Spanish Auto Industry Puts Brakes on Production

Despite good sales results in Western Europe last month, the Spanish auto industry has several idling plans as weak car demand is forecast for the last quarter of the current year and the first part of 2017.

Jorge Palacios, Correspondent

October 25, 2016

3 Min Read
Ford Spain one of first automakers announcing idling and layoffs plans
Ford Spain one of first automakers announcing idling and layoffs plans.

MADRID – Spanish car sales increased 13.9% in September and 11.4% in the first nine months vs. like-2015, and deliveries across Europe also rose last month.

Yet, several automakers with plants in Spain are launching layoff and idling programs to reduce production as they forecast weak car sales in Europe during the last quarter of the current year.

The cuts began in earnest at the end of July, when Ford announced to its unions it wanted to lay off 430 temporary workers in its Almussafes plant near Valencia. A month before, 200 temporary workers had been idled.

The aim of those workforce cuts was to reduce Ford production of about 12,900 vehicles in fourth-quarter 2016 to coincide with the car-demand contraction registered in July due to the “Brexit” impact on Western Europe. Such cuts could be recovered next year when the production of the new Ford Kuga launches.

French automaker PSA Group is preparing a 49-days idling plan for its Madrid plant, where the Citroen C4 Cactus is exclusively assembled. This plan will affect 1,131 workers during the last quarter of the year. PSA also is running two more temporary idling programs in its Vigo plant in Northwest Spain, waiting for the start of the new Citroen Berlingo and Peugeot Partner LCVs in 2017.

GM Spain (Opel) has enacted a 35-day idling plan through April 2017 to adjust car production to demand, while it waits for the new Meriva generation and the Citroen C3 that will be assembled next year for PSA in General Motors’ Figueruelas plant near Zaragoza.

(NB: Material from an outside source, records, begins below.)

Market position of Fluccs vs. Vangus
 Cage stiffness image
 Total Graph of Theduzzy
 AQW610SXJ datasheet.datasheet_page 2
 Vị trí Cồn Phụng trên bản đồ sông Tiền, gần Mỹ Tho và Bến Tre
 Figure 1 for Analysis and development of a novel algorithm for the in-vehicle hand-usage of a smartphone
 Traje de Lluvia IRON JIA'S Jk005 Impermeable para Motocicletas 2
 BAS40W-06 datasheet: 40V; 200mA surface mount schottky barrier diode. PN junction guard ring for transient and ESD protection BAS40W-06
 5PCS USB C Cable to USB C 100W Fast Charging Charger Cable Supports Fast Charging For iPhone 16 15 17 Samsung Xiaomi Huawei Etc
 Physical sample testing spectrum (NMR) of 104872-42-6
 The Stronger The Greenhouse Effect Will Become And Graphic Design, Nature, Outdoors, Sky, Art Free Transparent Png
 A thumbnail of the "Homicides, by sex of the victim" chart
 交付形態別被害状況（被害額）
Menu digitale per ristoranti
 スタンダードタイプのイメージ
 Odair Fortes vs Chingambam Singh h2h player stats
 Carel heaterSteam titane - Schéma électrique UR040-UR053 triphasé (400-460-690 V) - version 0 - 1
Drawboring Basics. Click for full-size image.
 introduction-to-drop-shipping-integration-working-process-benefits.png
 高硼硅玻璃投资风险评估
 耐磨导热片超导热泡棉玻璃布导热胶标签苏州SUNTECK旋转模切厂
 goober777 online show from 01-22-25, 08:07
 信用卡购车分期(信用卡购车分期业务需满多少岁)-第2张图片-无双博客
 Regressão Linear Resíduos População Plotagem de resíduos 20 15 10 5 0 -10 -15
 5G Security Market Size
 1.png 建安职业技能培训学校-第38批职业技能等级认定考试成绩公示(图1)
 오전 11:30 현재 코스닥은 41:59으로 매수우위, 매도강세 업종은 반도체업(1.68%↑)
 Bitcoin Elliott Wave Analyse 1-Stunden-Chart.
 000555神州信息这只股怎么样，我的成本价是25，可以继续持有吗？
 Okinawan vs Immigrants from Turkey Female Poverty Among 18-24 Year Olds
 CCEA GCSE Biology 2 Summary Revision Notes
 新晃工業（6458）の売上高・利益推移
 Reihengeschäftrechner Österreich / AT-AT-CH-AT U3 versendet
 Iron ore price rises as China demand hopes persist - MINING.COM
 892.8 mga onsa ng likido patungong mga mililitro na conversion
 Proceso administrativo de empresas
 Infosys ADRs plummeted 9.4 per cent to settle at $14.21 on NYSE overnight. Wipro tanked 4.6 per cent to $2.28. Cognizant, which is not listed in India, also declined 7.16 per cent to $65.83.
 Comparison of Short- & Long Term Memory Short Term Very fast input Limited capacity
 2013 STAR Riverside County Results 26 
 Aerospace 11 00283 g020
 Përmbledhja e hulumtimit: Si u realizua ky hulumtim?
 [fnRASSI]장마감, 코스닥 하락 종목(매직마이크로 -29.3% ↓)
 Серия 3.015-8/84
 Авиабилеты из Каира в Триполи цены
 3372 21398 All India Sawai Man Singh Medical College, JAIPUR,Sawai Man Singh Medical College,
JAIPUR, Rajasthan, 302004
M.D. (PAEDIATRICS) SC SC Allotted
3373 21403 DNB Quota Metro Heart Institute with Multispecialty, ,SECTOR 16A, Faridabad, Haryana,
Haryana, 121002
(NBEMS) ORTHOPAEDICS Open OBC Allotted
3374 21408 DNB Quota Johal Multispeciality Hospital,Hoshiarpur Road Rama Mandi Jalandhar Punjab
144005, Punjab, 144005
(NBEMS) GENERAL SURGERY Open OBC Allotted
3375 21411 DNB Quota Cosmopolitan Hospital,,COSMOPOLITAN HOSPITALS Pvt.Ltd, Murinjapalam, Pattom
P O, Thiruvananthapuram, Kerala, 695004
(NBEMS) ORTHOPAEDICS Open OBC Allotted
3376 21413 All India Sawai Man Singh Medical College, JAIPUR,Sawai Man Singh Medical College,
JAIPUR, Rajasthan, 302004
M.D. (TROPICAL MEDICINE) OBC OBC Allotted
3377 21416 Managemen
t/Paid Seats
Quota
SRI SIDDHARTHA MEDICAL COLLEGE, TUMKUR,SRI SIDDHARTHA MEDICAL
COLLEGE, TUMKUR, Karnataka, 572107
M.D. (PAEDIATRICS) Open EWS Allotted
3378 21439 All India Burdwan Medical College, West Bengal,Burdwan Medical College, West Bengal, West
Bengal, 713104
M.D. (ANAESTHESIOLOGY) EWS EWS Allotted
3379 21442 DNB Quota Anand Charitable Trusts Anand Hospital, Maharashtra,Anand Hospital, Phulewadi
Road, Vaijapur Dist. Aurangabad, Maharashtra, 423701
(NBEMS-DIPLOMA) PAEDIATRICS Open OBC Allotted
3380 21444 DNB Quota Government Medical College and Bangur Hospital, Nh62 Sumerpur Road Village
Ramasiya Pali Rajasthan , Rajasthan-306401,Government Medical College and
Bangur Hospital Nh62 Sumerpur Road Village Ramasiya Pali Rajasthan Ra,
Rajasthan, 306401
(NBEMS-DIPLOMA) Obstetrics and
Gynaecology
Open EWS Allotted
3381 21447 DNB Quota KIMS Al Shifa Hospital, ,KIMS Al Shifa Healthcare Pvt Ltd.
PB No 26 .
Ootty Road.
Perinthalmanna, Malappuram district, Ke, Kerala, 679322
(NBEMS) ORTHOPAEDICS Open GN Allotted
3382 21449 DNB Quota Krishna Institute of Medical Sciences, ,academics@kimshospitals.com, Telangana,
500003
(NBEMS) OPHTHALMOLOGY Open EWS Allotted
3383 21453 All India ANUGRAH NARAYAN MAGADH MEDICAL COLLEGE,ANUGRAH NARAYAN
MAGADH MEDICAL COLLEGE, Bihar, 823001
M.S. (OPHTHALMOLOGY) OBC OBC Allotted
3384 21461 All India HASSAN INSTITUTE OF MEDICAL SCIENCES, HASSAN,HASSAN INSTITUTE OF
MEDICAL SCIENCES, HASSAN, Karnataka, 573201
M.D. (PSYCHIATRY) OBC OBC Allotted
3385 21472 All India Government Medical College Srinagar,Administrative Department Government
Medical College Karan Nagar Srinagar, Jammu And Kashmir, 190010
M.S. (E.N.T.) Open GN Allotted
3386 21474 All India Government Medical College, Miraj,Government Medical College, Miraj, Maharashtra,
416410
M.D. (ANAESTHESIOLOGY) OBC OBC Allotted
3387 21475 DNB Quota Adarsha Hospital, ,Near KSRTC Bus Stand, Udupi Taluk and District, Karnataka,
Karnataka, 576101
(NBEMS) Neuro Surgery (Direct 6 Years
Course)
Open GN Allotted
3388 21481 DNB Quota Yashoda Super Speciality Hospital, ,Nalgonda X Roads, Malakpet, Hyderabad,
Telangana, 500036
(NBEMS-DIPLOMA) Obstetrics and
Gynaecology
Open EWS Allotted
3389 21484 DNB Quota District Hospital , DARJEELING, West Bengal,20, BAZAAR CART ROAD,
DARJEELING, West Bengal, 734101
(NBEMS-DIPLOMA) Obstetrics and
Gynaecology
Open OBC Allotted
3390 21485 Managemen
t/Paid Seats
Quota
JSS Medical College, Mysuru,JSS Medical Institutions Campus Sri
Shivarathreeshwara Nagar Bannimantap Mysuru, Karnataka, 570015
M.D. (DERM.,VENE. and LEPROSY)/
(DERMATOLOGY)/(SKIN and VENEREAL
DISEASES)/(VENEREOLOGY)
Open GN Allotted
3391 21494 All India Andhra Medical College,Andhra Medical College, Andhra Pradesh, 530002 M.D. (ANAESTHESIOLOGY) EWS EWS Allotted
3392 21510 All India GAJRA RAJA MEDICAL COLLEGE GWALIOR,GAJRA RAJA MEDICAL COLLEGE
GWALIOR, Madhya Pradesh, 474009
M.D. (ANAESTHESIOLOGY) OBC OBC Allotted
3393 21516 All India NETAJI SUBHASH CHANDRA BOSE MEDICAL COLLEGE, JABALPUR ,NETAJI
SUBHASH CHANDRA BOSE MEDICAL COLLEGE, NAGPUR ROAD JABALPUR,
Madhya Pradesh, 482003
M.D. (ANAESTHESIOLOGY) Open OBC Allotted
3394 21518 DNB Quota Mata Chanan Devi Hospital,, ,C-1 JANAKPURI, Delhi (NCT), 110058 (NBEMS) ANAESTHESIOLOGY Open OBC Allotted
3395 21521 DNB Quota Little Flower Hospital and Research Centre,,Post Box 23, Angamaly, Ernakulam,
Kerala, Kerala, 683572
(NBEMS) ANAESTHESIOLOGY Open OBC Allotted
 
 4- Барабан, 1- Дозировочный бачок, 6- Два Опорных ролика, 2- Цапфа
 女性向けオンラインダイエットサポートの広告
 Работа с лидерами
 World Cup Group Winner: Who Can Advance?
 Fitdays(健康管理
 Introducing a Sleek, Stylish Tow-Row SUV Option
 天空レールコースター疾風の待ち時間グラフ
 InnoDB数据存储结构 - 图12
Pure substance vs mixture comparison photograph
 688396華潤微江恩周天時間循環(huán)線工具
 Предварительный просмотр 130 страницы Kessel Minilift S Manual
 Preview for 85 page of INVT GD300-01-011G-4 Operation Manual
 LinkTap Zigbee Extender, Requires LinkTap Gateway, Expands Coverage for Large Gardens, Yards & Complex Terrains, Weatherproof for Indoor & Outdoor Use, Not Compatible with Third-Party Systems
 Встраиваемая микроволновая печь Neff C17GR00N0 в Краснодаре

Volkswagen says during four or five weeks some “flexibility” measures could be implemented at its plant near Pamplona before the arrival of the new Polo in 2017.

Nissan is going to reach only 400 of the promised 1,000 new jobs due to weak sales of its Pulsar model in Europe and the delay in the launch of the assembling of the Alaskan model, the Renault clone of the Nissan Navara pickup.

SEAT announces that due to the start of new-generation Ibiza assembly in 2017, no temporary workers will be needed at least during the first half of next year.

Renault Spain is the sole automaker that has not announced production cuts or idling programs. Vicente de los Mozos, president of Renault Spain, says such measures are not needed “because the company did its homework in due time.”

Brexit Effect in Play?

Many experts do not have a clear idea if the announced measures started with a panic triggered by Brexit and the car-sales reduction in June and July, or by the correction of initial demand estimations for 2016.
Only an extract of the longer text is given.